One of the top-age draft bloomers who was self-admittedly a fair way off 12 months ago, has turned it around to be a genuine first round prospect in 2018. He is tough as nails and despite multiple injuries – both pre and during games, Stocker battled through admirably. In the absence of Dragons skipper, Bailey Smith late in the year, Stocker stood up terrifically and added another dimension to Sandringham’s midfield brigade. He wins the contested ball, gets to the outside and has a penetrating kick. Once he can further improve his endurance, he could take his game to another level as well.

#16 Jordan Clark (Claremont/Western Australia)

One of a number of players who burst onto the draft scene after a terrific National Under 18 Championships. Could well go top 10 by draft night, but he is rated inside the top 20 safely. He is a creative half-back who moves well and just keeps winning the football. In time, he will be expected to progress onto a wing potentially, but he has made the defence his own throughout the championships. He has the ability to hit-up some terrific pinpoint passes, but it is his decision making and composure, as well as his positioning that sets him aside as a general defender. Likely to be the first natural medium defender picked in the draft.

#17 Rhylee West (Calder Cannons/Vic Metro)

The Western Bulldogs father-son could receive a bid in the top 20, but is likely to be in that early second round. The Dogs will match and he will head to the kennel where his father, Scott became a legend. Very similar to his father, West is small in stature, but stands tall in heart and determination, with his clean hands, ability to read ruck taps and move through stoppages among the top features in his game. He also knows how to play forward as either a leading forward, or a crumber, and that is where he will start his career before ultimately progressing into the midfield. He might be the 180cm, but he can still do some serious damage in the midfield.

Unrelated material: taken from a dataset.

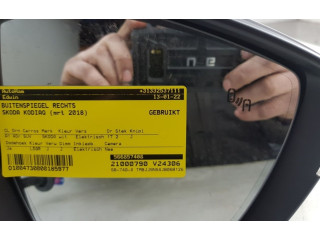 Зеркало (механическое) Skoda Kodiaq 2017 - 2024 года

#18 Ian Hill (Perth/Western Australia)

We refuse to drop the exciting small forward/midfielder outside the top 20 despite him seemingly dropping on rankings everywhere. He has far too much X-factor and while 12 months ago he was talked up as a top five pick, his inconsistent season through various injuries and some form dips see him drop to late first round. The West Australian teams are perfectly situated to select him in the draft, and he is another natural born leader. With his cousins, Stephen and Brad already in the purple, Fremantle might look to add to the family tree at the club, with his skills and decision making among the best out there.

#19 Isaac Quaynor (Oakleigh Chargers/Vic Metro)

The Collingwood Next Generation Academy member will be a gift to the Magpies with Collingwood expected to very quickly match any bid that comes in. He is an outstanding leader, with great athleticism, good run and carry, and decision making. But his biggest strength is his football IQ, that is often not rewarded by looking at highlights, but the work he does off the ball to shut down gaps in play, or intercept balls that float through the middle of the ground – in some instances Quaynor would come off his opponent to dash at a ball and not break stride. He could easily play senior football next year, replacing Sam Murray off half-back.

#20 Sam Sturt (Dandenong Stingrays/Vic Country)

A kid who other than those deep in recruiting circles, many would not have heard of three months ago, now slots into the top 20. He is a medium forward who is good overhead, has elite athleticism and just competes for the football in the air or at ground level. He lacks endurance given he missed the cut for the initial Stingrays’ squad, but has not put a foot wrong since after strong performances for Peninsula Grammar in the APS. With game smarts and creativity in spades, Sturt has great upside that clubs would be excited about developing. Still raw, the forward is a player that will take time, but could be easily worth the wait.

#21 Bailey Williams (Dandenong Stingrays/Vic Country)

Rated much higher throughout the year, Williams’ inconsistent season at times has him drop a little to just outside the top 20. He is a player who could be snatched up with a first round pick, but is more likely to be top 30 more so than top 20. He has the highest vertical leap of anyone, and he clunks contested marks strongly. Williams has had some worries in front of goal, with confidence and inconsistencies forcing him to miss some gettable shots. He can play ruck or down forward, but is more likely to settle into a key position forward role while giving a chop out in the ruck from time to time.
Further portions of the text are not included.